Which is why two military reports on the conditions encountered by troops seconded to long-term-care facilities in Quebec and Ontario this month carry such weight.
Sent to homes with high COVID-19 infection rates, they were left stunned by everything from the inhumane treatment of residents, to absenteeism, to the theft of personal protective equipment and drugs.
The worst abuses were in Ontario, where more that 300 Canadian Armed Forces personnel were deployed to five hard-hit homes. In Quebec, where 1,484 CAF personnel are assisting in 23 homes, soldiers found no abuse but were taken aback by the dysfunction they saw.
The revelations have struck the country like a thunderbolt. On Wednesday, Prime Minister Justin Trudeau called them “deeply disturbing.” Ontario Premier Doug Ford called them “gut-wrenching.”
Mr. Ford also said his government would take over management of the five Ontario homes mentioned in the military report, and that a commission on the state of the province’s long-term-care system would begin its work in July.
But even before these revelations, Canadians already had reason to be alarmed. It’s been known for weeks that 81 per cent of COVID-19 deaths in Canada involved residents of long-term-care facilities. Nearly all of those deaths are in Ontario and Quebec.
An Angus Reid poll of 1,777 adults conducted May 18-19, before the military reports were made public, found that 66 per cent of Canadians believed that long-term care should be brought under the Canada Health Act.

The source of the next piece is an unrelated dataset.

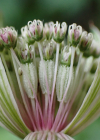Einzelbild 8 Grosse Sterndolde - Astrantia major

In considering all this, there are two distinct issues: The management, and mismanagement, of many long-term care facilities during the pandemic, and the state of those facilities in “normal” times.

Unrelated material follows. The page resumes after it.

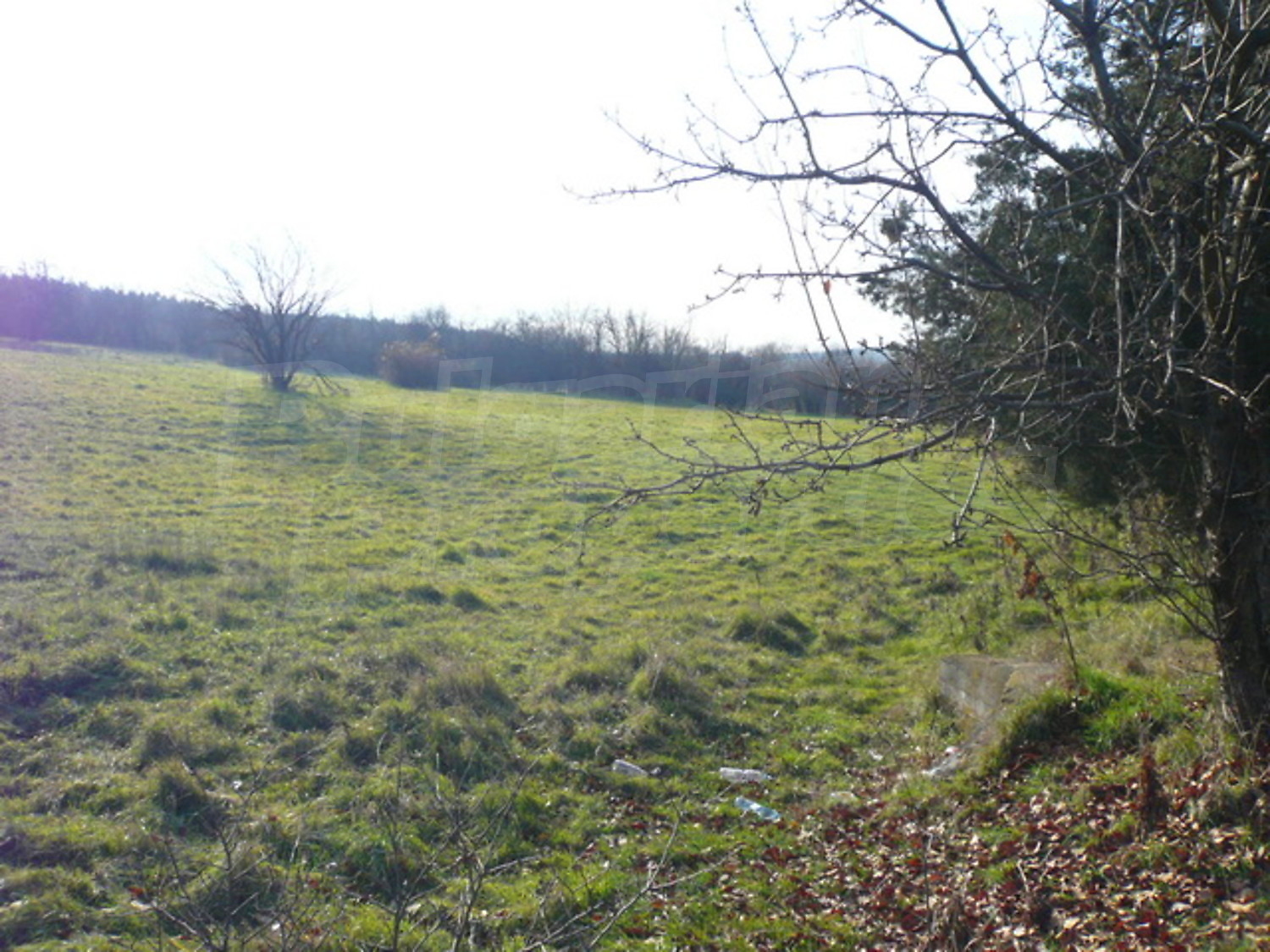 Gallery Picture 7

COVID-19 has preyed on seniors in homes because of obvious vulnerabilities. The combination of ill-trained staff, many underpaid and moving among facilities; the advanced age and underlying health issues of many residents; and close living quarters were a recipe for disaster. The dangers were known, and in many cases not properly prepared for.
Governments – particularly Ontario and Quebec – clearly need to do a better job of inspecting homes, and insisting on (and paying for) better levels of staffing, training and equipment. They also need to do a better job of quickly locking down LTC homes when a virus breaks out. On that last point, the exact opposite often happened, again especially in Ontario and Quebec.

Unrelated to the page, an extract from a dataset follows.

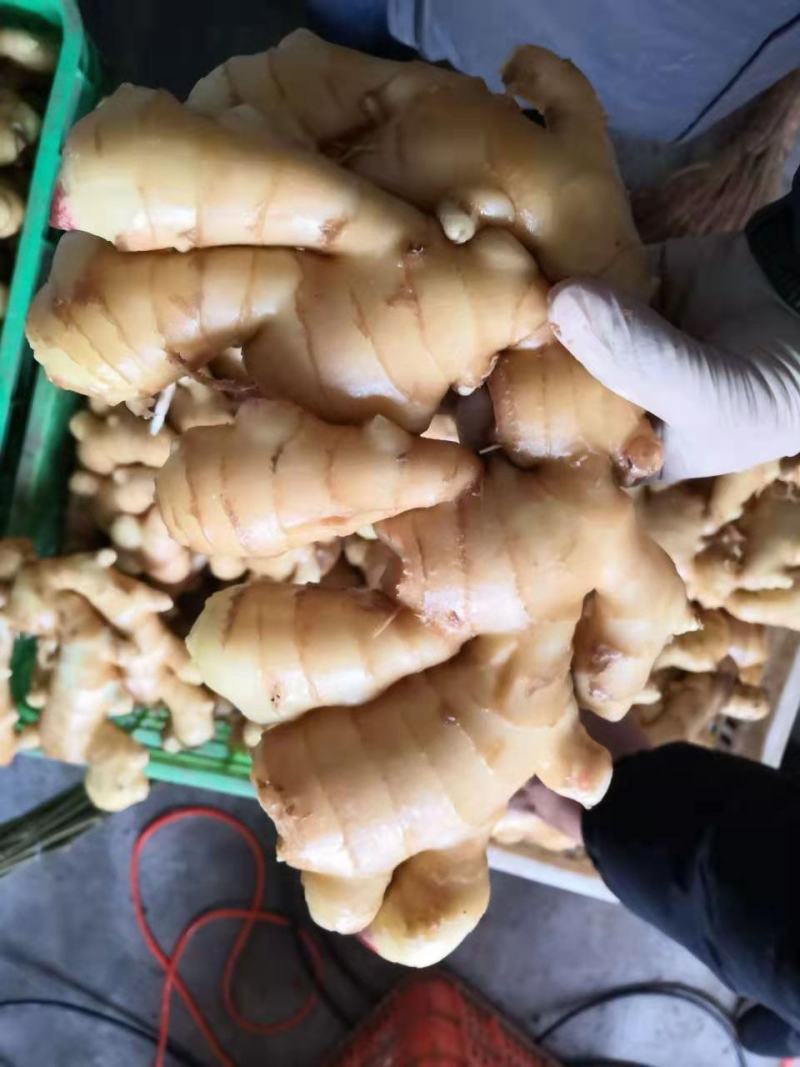 山东精品小黄姜产地发货一手货源批发品质保证坏烂包赔付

When the pandemic hit, many seniors in hospital were hastily transferred to LTC facilities to make room for an expected surge of COVID-19 patients. That exacerbated the crowded conditions in these facilities, and may even have brought the disease through their doors.
Some provinces managed better, and got better results. British Columbia had the first nursing home outbreak, yet its numbers of cases and deaths were kept relatively low.
Better funding for long-term care, to allow for more and better staffing, training and facilities, makes sense. So does tough regulation and inspections. We’re less sure about nationalizing all LTC facilities. There have been deaths in homes run by large for-profit companies, non-profit groups, and governments. They have happened in small towns, and in cities. Companies with multiple homes have seen outbreaks in one home, and not in others.
What is telling, however, is that the most serious outbreaks have been confined to Canada’s two largest provinces: Quebec and Ontario.
Eighteen per cent of homes across the country have had outbreaks, according to the National Institute on Aging, which has been tracking the disease in LTC facilities. But those figures are driven by two provinces. Of the 16,791 cases of COVID-19 among Canadian LTC residents, nearly 16,000 are from Ontario and Quebec.
The shocking scenes recorded by Canadian soldiers, and the massive death rates in two provinces, demand a response. Even before COVID-19, Canada’s long-term-care sector was ill. That has to be addressed. But in doing so, governments must be careful to distinguish symptoms of the pandemic from the sector’s many pre-existing conditions.